Q8. Is there any benefit of paying advance tax early?

Paying advance tax on time—or earlier than the due date—prevents the accumulation of interest under Sections 234B and 234C. It also improves financial planning by spreading the tax outflow across the year instead of one large payment at the end. Early payment reflects positively in Form 26AS and helps avoid mismatches with the Annual Information Statement (AIS), reducing the chances of receiving notices from the department.


Q9. What is the due date for presumptive taxpayers?

For taxpayers opting for presumptive taxation under Sections 44AD (business) or 44ADA (professionals), the advance tax must be paid in a single installment by 15th March of the financial year. Unlike regular taxpayers who pay in four installments, presumptive taxpayers make a one-time payment, simplifying compliance and cash flow management.


Q10. What happens if I pay excess advance tax?

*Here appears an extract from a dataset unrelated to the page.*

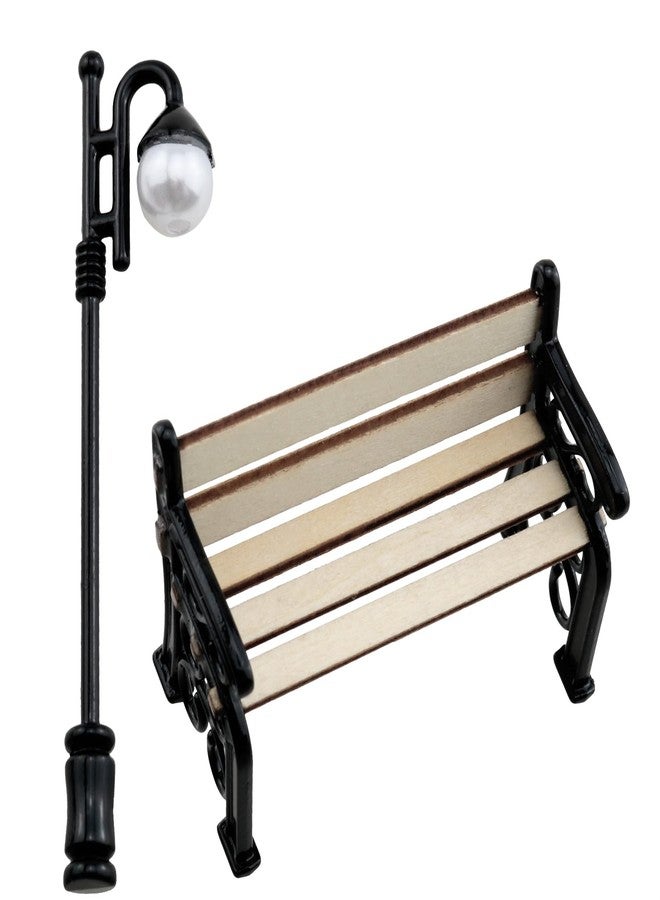 ZZHXSM 1.97-inch Miniature Park Bench 2.6-inch Miniature Street Lamp Alloy for Outdoor Decorations Garden Scenes Dollhouse Furniture Decorations Scene Arrangement - Image 2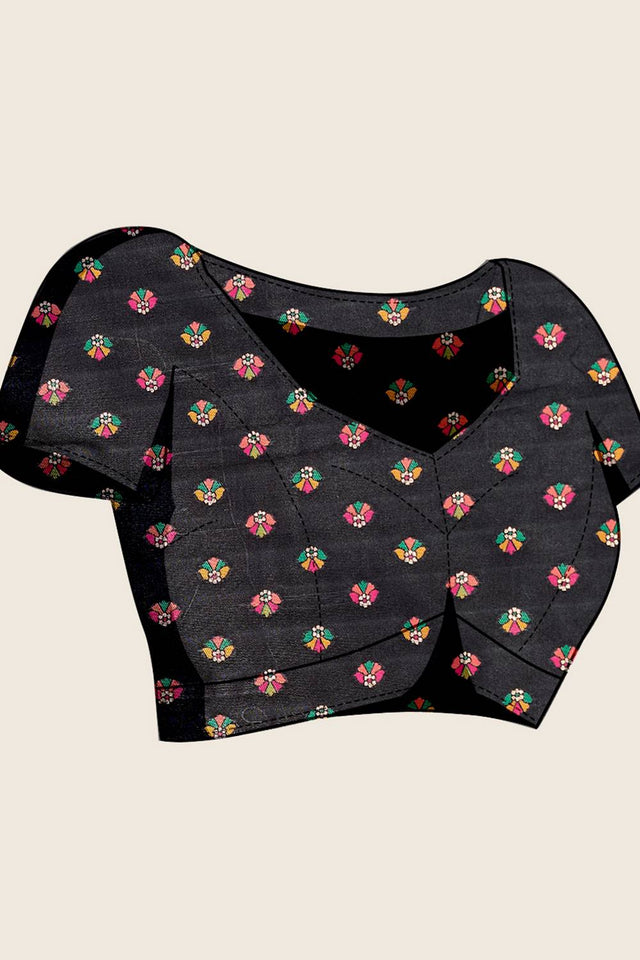 Black Woven Silk Saree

If you pay more advance tax than your total liability, the excess amount is automatically adjusted against any outstanding taxes, and the remaining balance is refunded by the Income Tax Department after your ITR is processed. This refund usually reflects within a few weeks of ITR verification, provided bank account details are pre-validated and linked with PAN.


Q11. Does TaxBuddy send reminders for advance tax due dates?

Yes, TaxBuddy sends smart notifications before each advance tax due date—June 15, September 15, December 15, and March 15—so taxpayers never miss deadlines. The platform also updates users about changes in income that could impact tax liability, helping maintain timely compliance and avoid interest or penalty charges.


Q12. Can I pay advance tax through UPI or net banking?

Yes, taxpayers can pay advance tax online via multiple payment modes such as UPI, debit cards, credit cards, NEFT, RTGS, and net banking through authorized banks on the TIN 2.0 portal or income tax e-filing portal. Once paid, the challan receipt is generated instantly, and the transaction is reflected in Form 26AS and AIS within a few hours. This digital process ensures secure, quick, and transparent payment tracking.